Schlangensterne: Sehen mit Kalklinsen
Schlangensterne (Ophiuroideae) bilden zusammen mit Seesternen, Seeigeln, Seewalzen und Haarsternen die Familie der Stachelhäuter (Echinodermata). Sie weisen im Außenskelett am oberen, dem körpernahen Bereich ihrer fünf Arme Kalkplättchen (Calciumcarbonat, Calcit) auf. Diese Ossikel genannten Strukturen schützen den oberen Teil jeder Verbindung der Arme. Jedes dieser Skelettelemente setzt sich aus Calcit-Einkristallen zusammen, die ein dreidimensionales Gitter (Stereom) bilden. Unter den Schlangensternen gibt es Arten, die nicht auf Lichtreize reagieren und solche, die auf z.B. plötzlich auftretende Schatten (Freßfeinde) durch Flucht in dunkle Nischen in der unmittelbaren Umgebung reagieren. Bei Vertretern der ersten Gruppe treten in deren äußerem Erscheinungsbild keine zeitlichen Farbänderungen auf, während Ophicoma wendtii, ein Vertreter der zweiten Gruppe, eine ausgesprochen photosensible Art, bei Tageslicht eine dunkelbraune und bei Nacht eine grau-schwarz gebänderte Färbung zeigt.
AIZENBERG et al. (2001) haben bei Untersuchungen an O. wendtii festgestellt, daß deren Stereom an der Oberfläche mit auffällig großen Calcit-Einkristallen bedeckt sind, die im Querschnitt die Form von Doppellinsen aufweisen.

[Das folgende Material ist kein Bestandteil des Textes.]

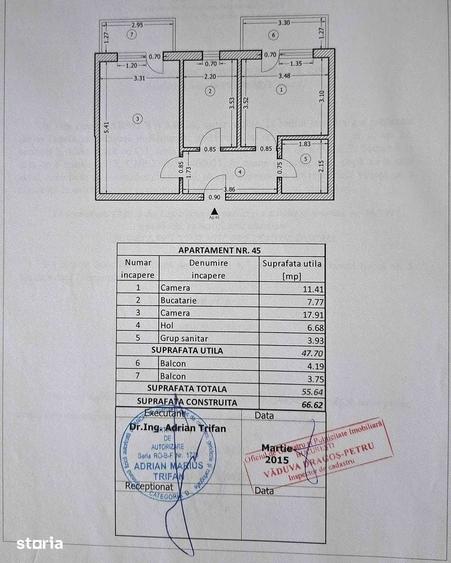 Apartament cu 2 camere decomandat, mobilat în Rahova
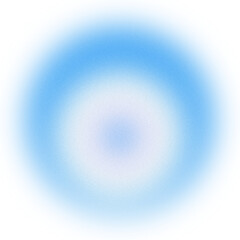 Blue Grainy Gradient Circle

Durch Belichtung einer photosensitiven Unterlage mit unterschiedlichem Abstand zu den Kalk-Doppellinsen von präparierten Ossikeln konnte der fokussierende Effekt nachgewiesen werden. Durch mikroskopische Aufnahmen von Präparaten, in welchen die Kalklinsen herausgelöst worden waren, konnten die Autoren zeigen, daß sich unter den Linsen im Bereich ihres Brennpunkts Nervenbündel befinden. Die Durchmesser dieser Nervenbündel (etwa 2 - 4 µm) stimmen gut mit den experimentell ermittelten fokussierten Abbildungsflächen überein. Den Farbwechsel in O. wendtii interpretieren Aizenberg et al. als Filter, die Farbstoffe regulieren die Lichtintensität, die auf die Linsen trifft.
Die Autoren vermuten aufgrund ihrer Ergebnisse, daß die Felder aus Calcit-Mikrolinsen mit ihrem einheitlichen fokussierenden Effekt zusammen mit den darunterliegenden neuronalen Rezeptoren ein besonderes Photosystem mit Eigenschaften von Komplexaugen darstellen.
In faszinierender Weise sind bei diesen Geschöpfen mechanische Strukturen und optische Elemente aus ein und demselben Material, Calcit, aufgebaut. Diese Beobachtungen liefern staunenswerte Hinweise auf ökonomisch optimierten Einsatz von Materialien in diesen Stachelhäutern und gleichzeitig Impulse und Herausforderungen für technische Entwicklungen.
[AIZENBERG J, TKACHENKO A, WEINER S, ADDADI L, & HENDLER G (2001) Calcitic microlenses as part of the photoreceptorsystem in brittlestars. Nature 412, 819-822.]